DATA SUPPLIED.
_ _ _

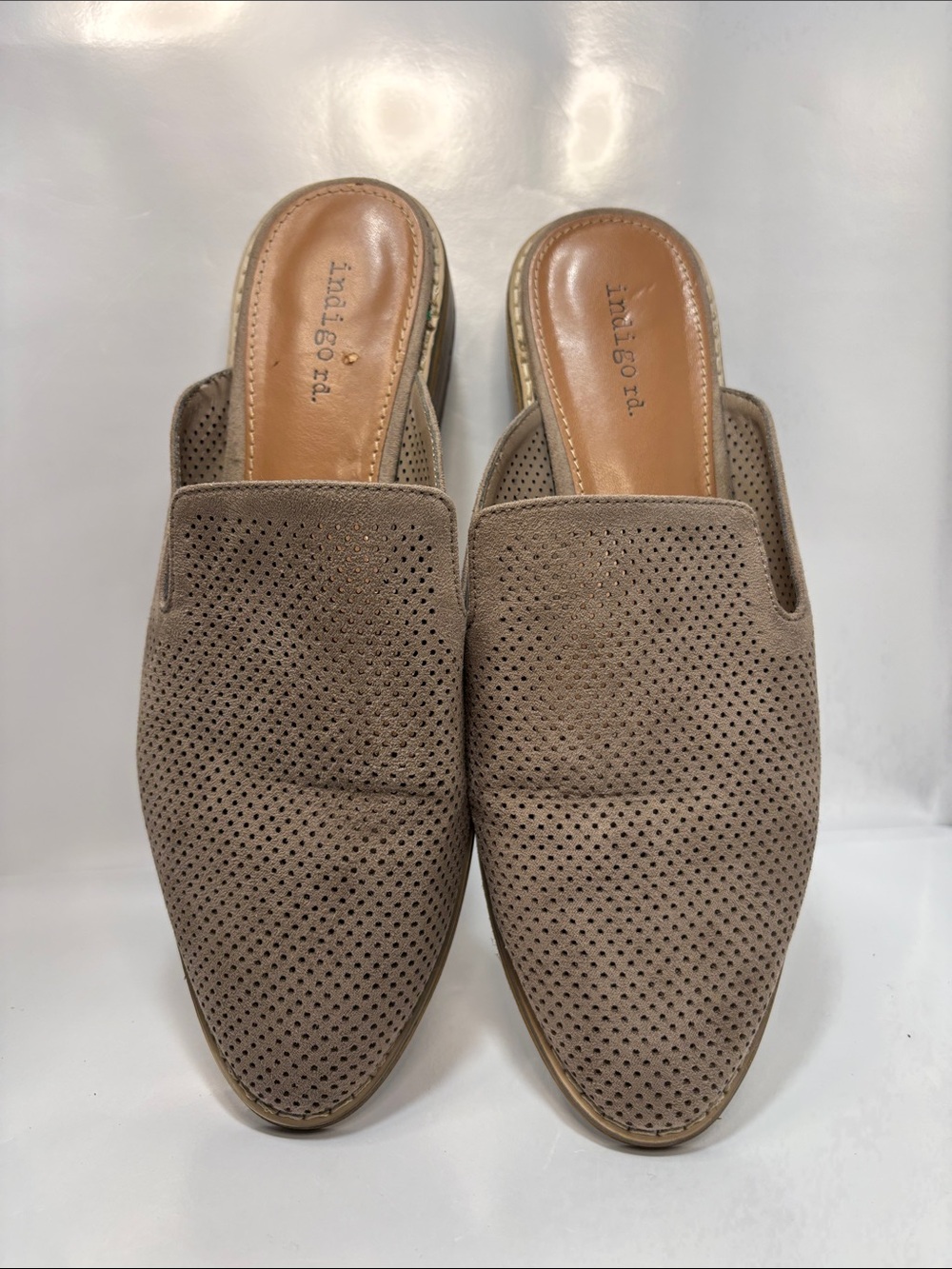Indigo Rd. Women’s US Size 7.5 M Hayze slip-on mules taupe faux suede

_ _ _

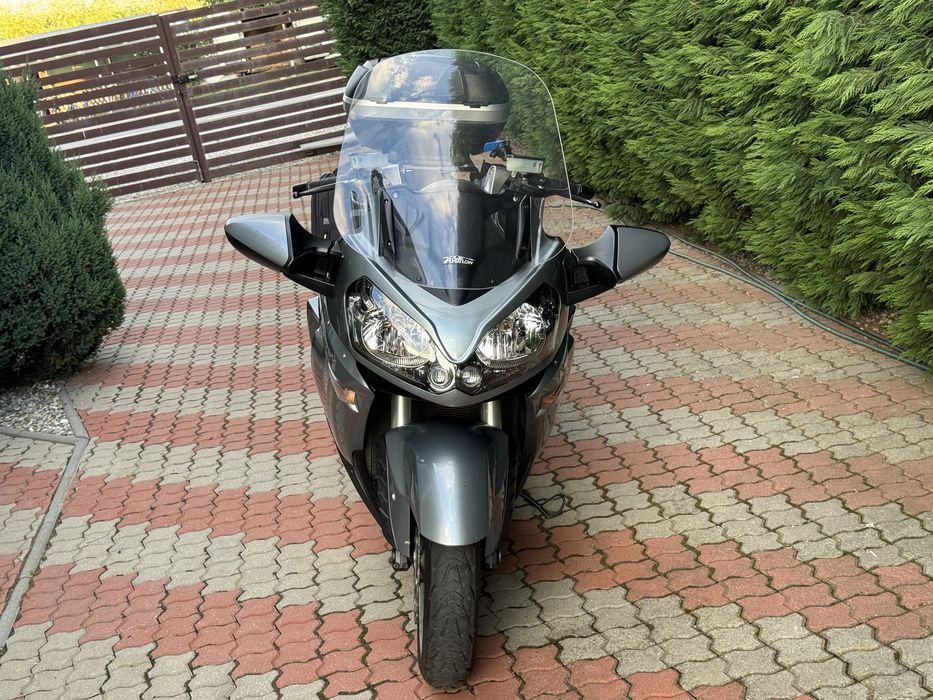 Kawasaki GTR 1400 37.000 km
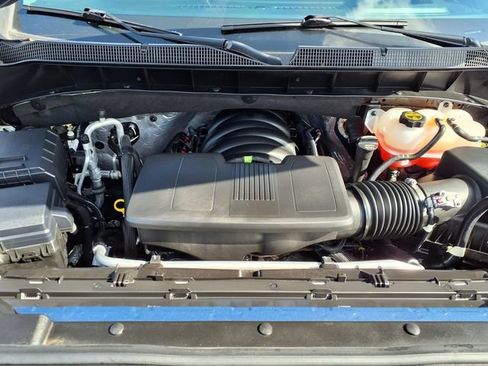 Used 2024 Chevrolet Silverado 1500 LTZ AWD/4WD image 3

_ _ _

BRIEF. The material above holds pictures; leave them out. Repeat exactly the lines from the one containing "Kawasaki GTR 1400 37.000 km" through the one containing "Used 2024 Chevrolet", and nothing else.

RESPONSE BOX.
 Kawasaki GTR 1400 37.000 km
 Used 2024 Chevrolet Silverado 1500 LTZ AWD/4WD image 3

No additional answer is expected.